A powerful exploration of the history and effect of racism in the United States, I AM NOT YOUR NEGRO unapologetically captures the oppression of black humanity. It is an Oscar-nominated, 2016 documentary film directed by Raoul Peck that is based on James Baldwin’s unfinished manuscript, Remember This House.

On Oct. 29th, as a part of the F.I.L.M. series, Hamilton welcomed Raoul Peck to campus for a screening and discussion of his film. Art History Professor Scott MacDonald introduced Raoul Peck who explained how he decided to tell the story of James Baldwin. Peck shared that in creating this documentary, he aimed, not to show his interpretation of Baldwin’s words, but to give Baldwin a space to share his words himself.
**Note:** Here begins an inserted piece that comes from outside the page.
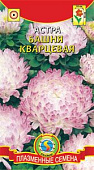 цАстра Башня Кварцевая 0,3г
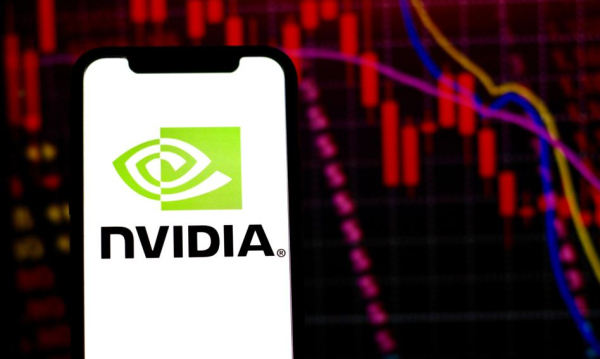 An unusual deal in the U.S.: NVIDIA and AMD will pay the state a percentage of profits from AI chip exports to China.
As he told the Los Angeles Times, “I made sure every single word was pure Baldwin.  It was not about how creative I am. It was about how do I make sure it hits the people frontally, without any filter.”

Though Peck’s film is mostly sustained by simple voice-over narration (by Samuel L. Jackson) of Baldwin’s unfinished manuscript, the documentary feels complete and tells a story, interweaving clips of public appearances of Baldwin, including his appearance on The Dick Cavett Show with various clips from relevant movies and footage of police brutality. It intersects the lives and assassinations of Baldwin’s friends and civil rights leaders Medgar Evers, Martin Luther King, Jr., and Malcolm X, who were killed within five years of one another. It is unafraid in confronting white America head-on; it demands its audience to reflect on how they approach racism.

The documentary was followed by a question-answer session with Peck during which he answered questions about how he contextualized historic events to modern day, how he chose to mention but not focus on Baldwin’s sexuality, and discussed how if President Donald Trump were black, he would be perceived drastically differently by Americans. Peck explained that through his documentary, he wanted to encourage people to question and criticize the construction of race, rather than live in “media-fueled ignorance.”

Through his writing captured by Peck in I AM NOT YOUR NEGRO, Baldwin commented on the deeply rooted racism in white America; in an eerie act of foreshadowing, this writer who has been dead for over 30 years, managed to be more timely and relevant than ever for today’s political and social culture in the United States.